_Work request_
Leave the pictures out and print, word for word, the lines below from the one with "BRAND NEW FORD" through the final line.

_Data shown_
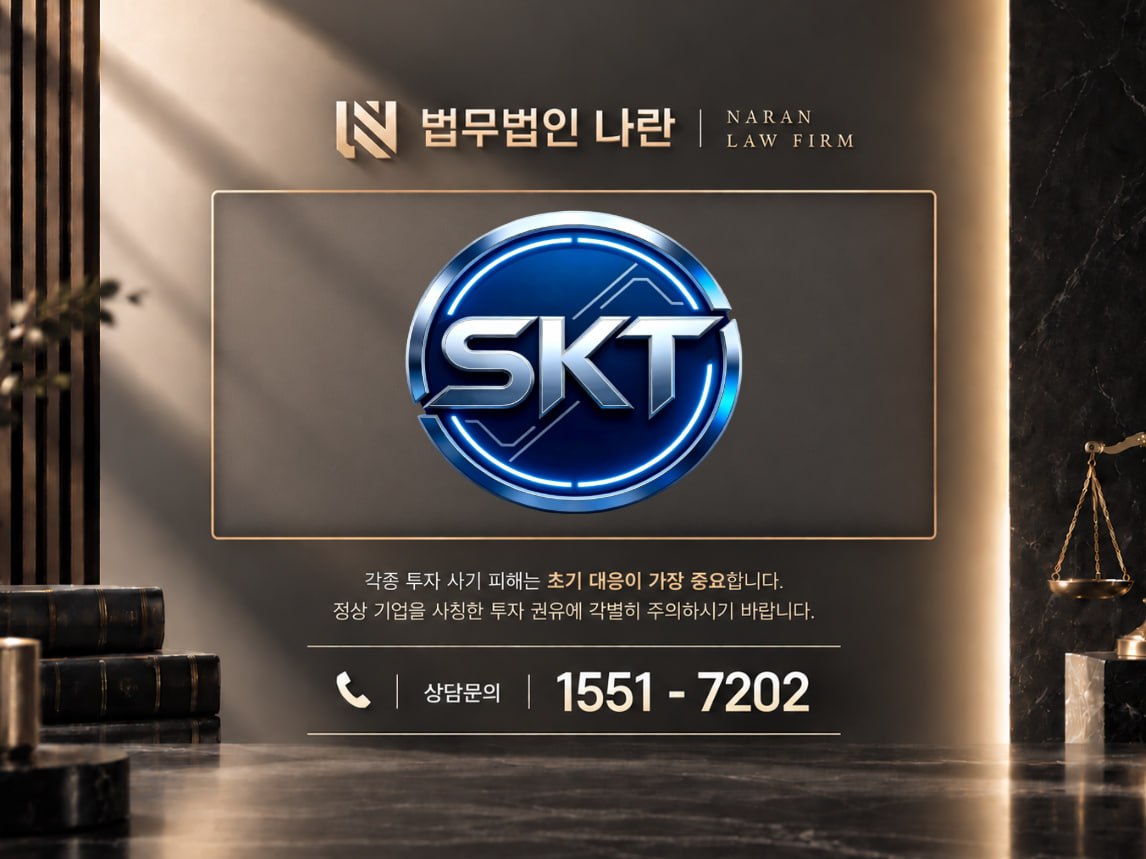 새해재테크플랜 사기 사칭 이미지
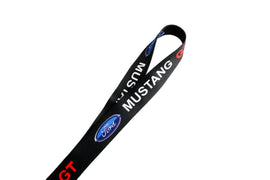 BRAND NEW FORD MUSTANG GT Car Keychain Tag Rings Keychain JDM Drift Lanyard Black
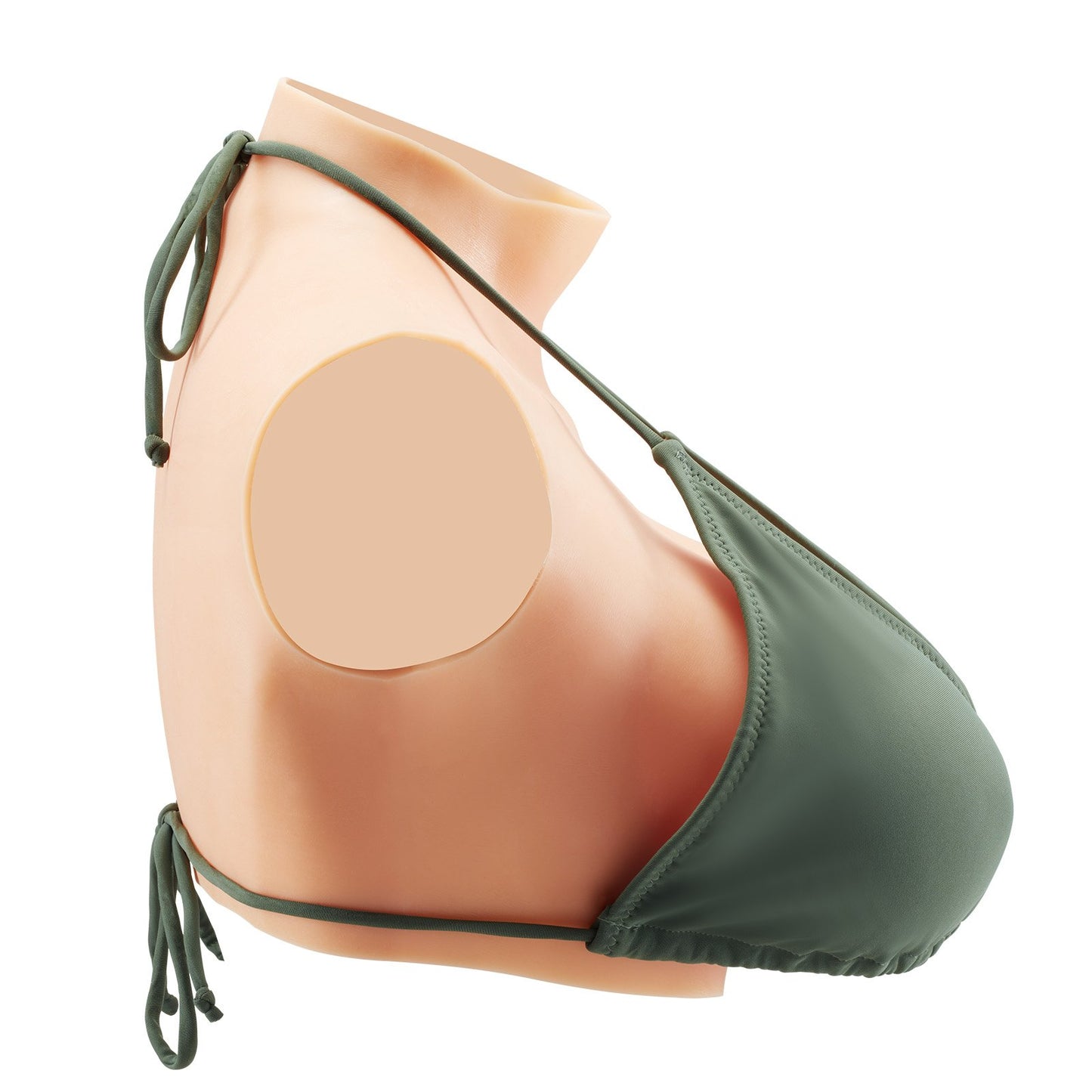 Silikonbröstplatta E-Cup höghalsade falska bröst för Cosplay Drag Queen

_Solution to this exercise_
 BRAND NEW FORD MUSTANG GT Car Keychain Tag Rings Keychain JDM Drift Lanyard Black
 Silikonbröstplatta E-Cup höghalsade falska bröst för Cosplay Drag Queen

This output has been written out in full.